Meu rosto dói - rangi os dentes o dia inteiro. Tentei ler, mas as palavras me escapam. Sinto que estou ficando mais estúpido a cada dia que passa; não consigo terminar uma tarefa sequer. Parece que estou deixando de existir aos poucos, que meus neurônios estão indo embora um a um, pra onde não sei. O mesmo lugar para onde a minha libido acabou escapando também, talvez. Estou completamente neutro. Nada para sentir, para querer fazer. Sem objetivo, vida sem gosto, tela sem cor, moldura vazia. Textos cada vez menores. E, como a companheira que restou, a triste certeza de que ninguém pode me ajudar agora. Fico paralisado durante alguns segundos, pensando no nada, esquecendo-me de continuar respirando. Angústia.

22

Peço desculpas novamente, caro leitor imaginário, pelos pensamentos e sensações que foram mal-regurgitados em nosso último encontro. Estou em fase de aprendizagem; espero portanto que leve em conta os tropeços no caminho.

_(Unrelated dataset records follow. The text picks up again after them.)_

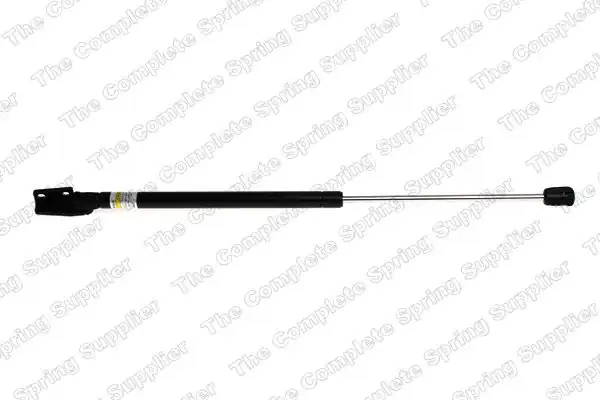 LESJÖFORS 8115648 | Bagaj Amortisörü Peug 4007 Citr C Crosser 07 13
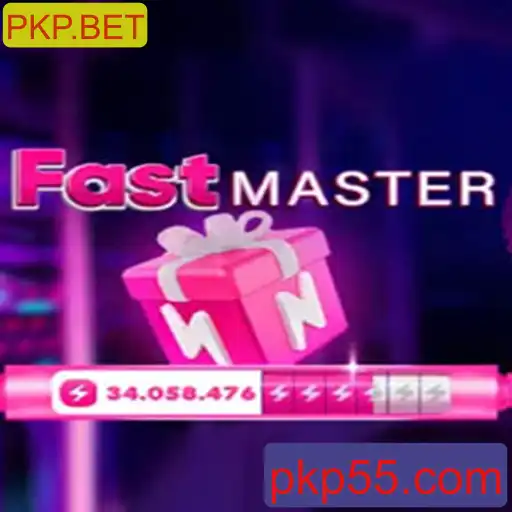Descubra o Novo Jogo de Corrida 'FastMaster' com PKP.BET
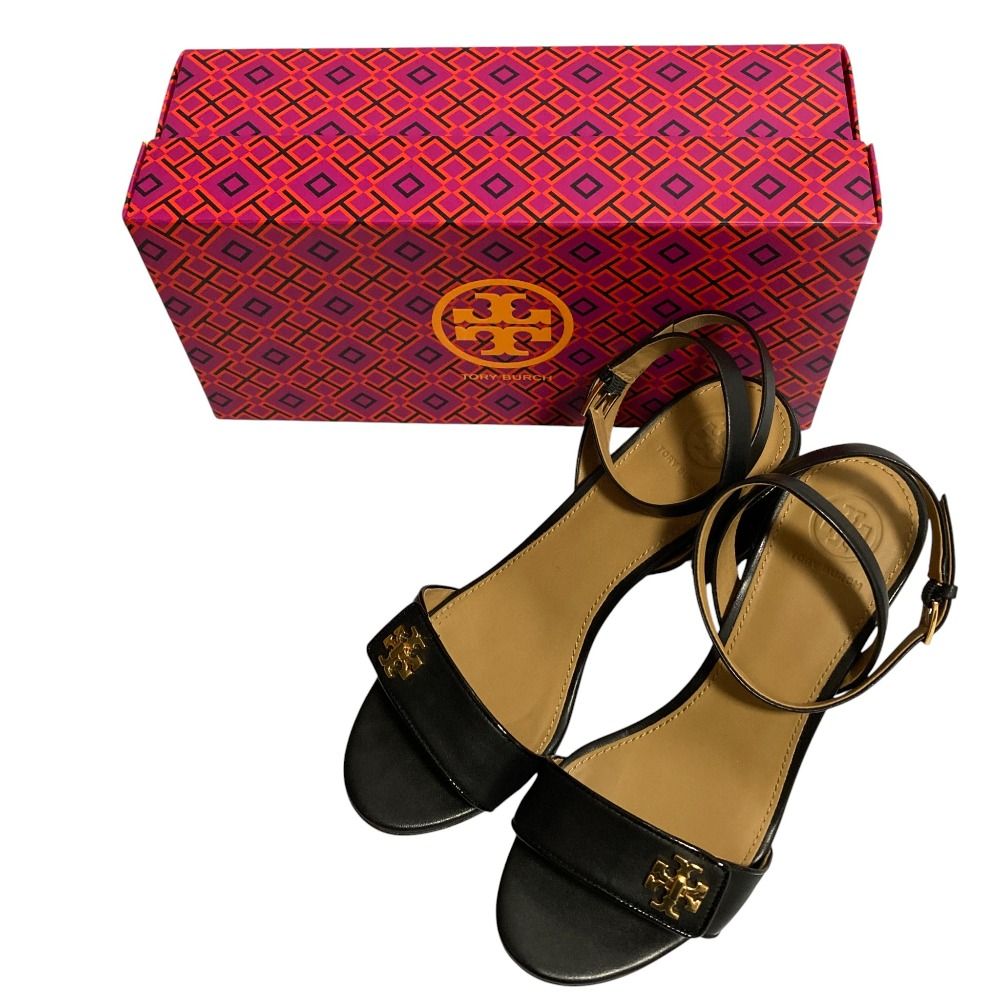 美品レアシグゼーンドレスワンピースフラハワイHULAHAWAII SIGZANE 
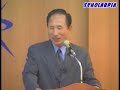 탄로난 이명박 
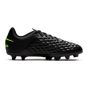 Nike Jr. Tiempo Legend 8 Club MG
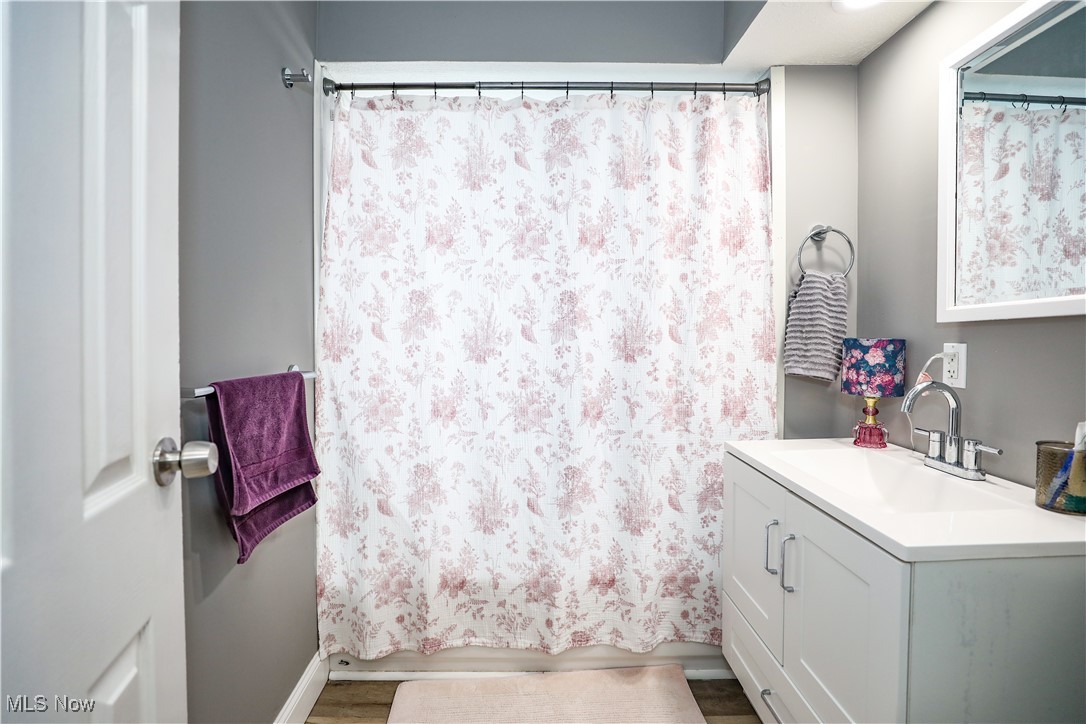 Parkside Allotment - Residential Income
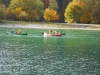 dscn1159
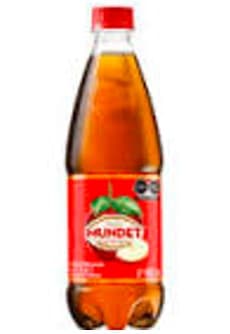 Cidral Mundet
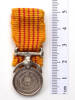 medal, coronation 2014.7.9.2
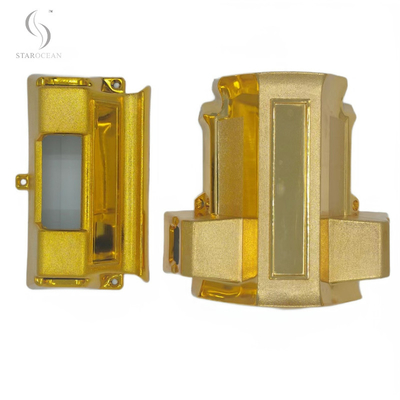 ব্ল্যাক আলটিমেট ফ্লাইং ডেথ ক্যাপাসিটি এক শরীর ধরে রাখে আলটিমেট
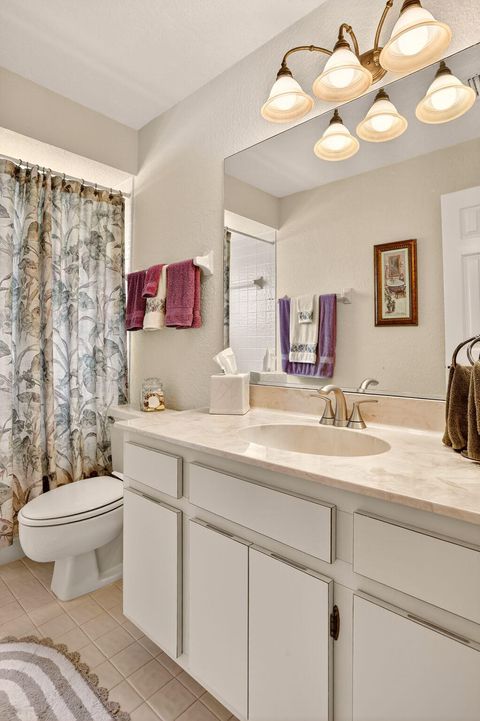 Tiny photo for 6043 Petaluma Drive, Boca Raton, FL 33433 (MLS # RX-11115965)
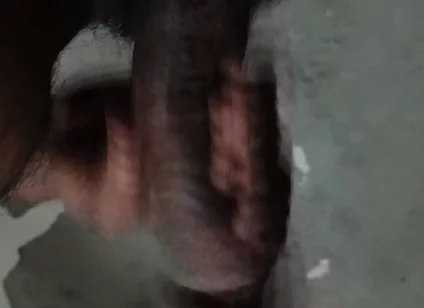 Fucking Girls Seeing Black Cock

A vida passa se esfregando na minha cara. Sua pele quente e pulsante cola no meu rosto, e mesmo assim continuo frígido qual pedra. Tento, tento. Respiração ainda lenta, superfície ainda intocada, constrangida, involuntariamente virgem e mal-sucedida. Arrepio de frio, mesmo - há tempos não me vem o arrepio da volúpia. E algum dia voltará?
I am the son and the heir of a shyness that is criminally vulgar. Não sei se a culpa é minha. Mas continuo. Havendo escolha, alguém me avise por favor. Minha alma está à disposição, sempre esteve - e dessa prostituição não abrirei mão nunca.